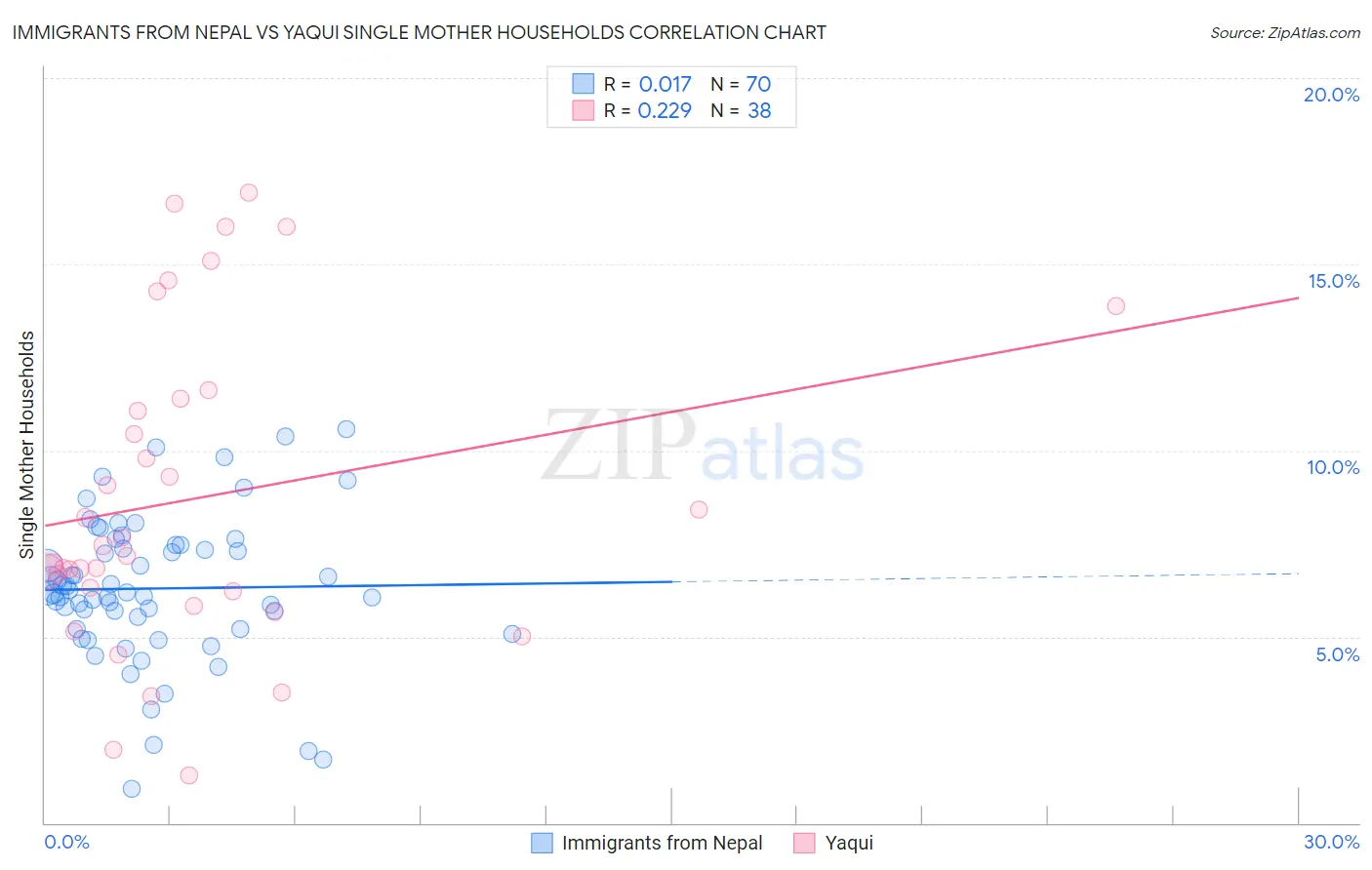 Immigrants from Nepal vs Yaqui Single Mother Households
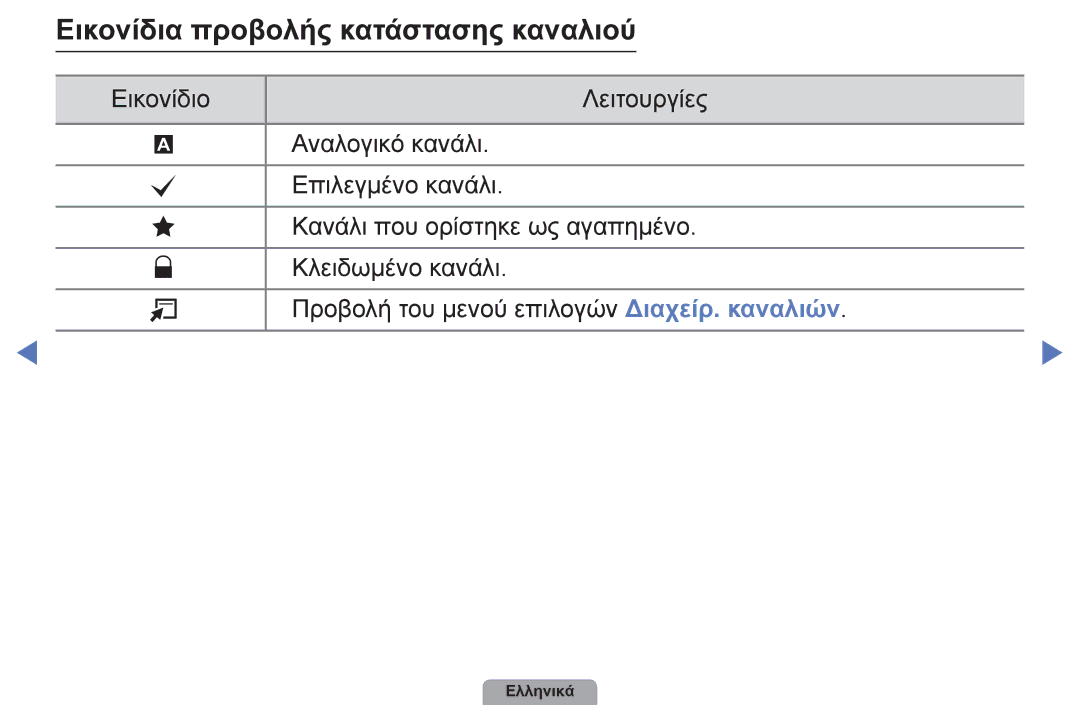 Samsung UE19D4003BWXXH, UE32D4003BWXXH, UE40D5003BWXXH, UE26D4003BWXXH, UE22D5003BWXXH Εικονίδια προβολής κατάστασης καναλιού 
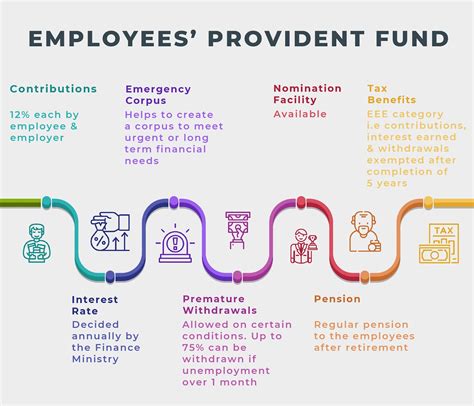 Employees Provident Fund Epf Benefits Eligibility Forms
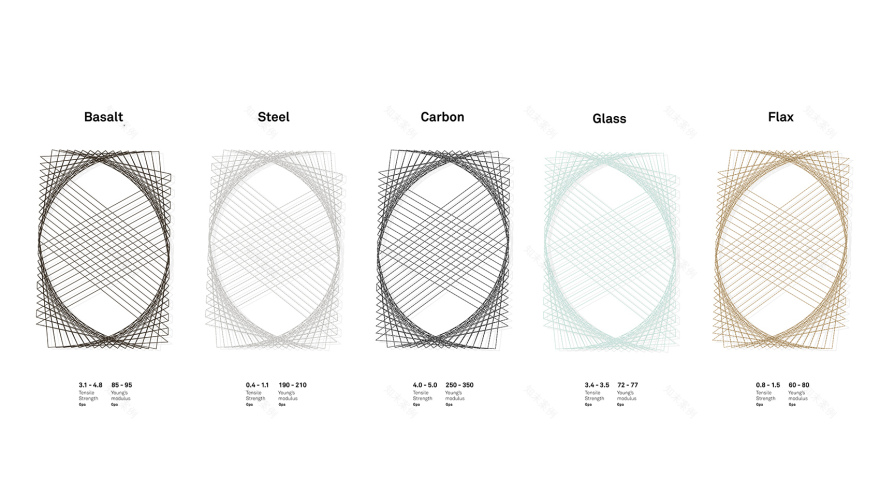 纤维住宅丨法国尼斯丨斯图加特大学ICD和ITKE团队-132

------------------------------------

WORK TO COMPLETE
Set the entire listing down again, exact in every line, without any pictures.

TASK OUTPUT
 Immigrants from Nepal vs Yaqui Single Mother Households
 Samsung UE19D4003BWXXH, UE32D4003BWXXH, UE40D5003BWXXH, UE26D4003BWXXH, UE22D5003BWXXH Εικονίδια προβολής κατάστασης καναλιού 
 Employees Provident Fund Epf Benefits Eligibility Forms
 纤维住宅丨法国尼斯丨斯图加特大学ICD和ITKE团队-132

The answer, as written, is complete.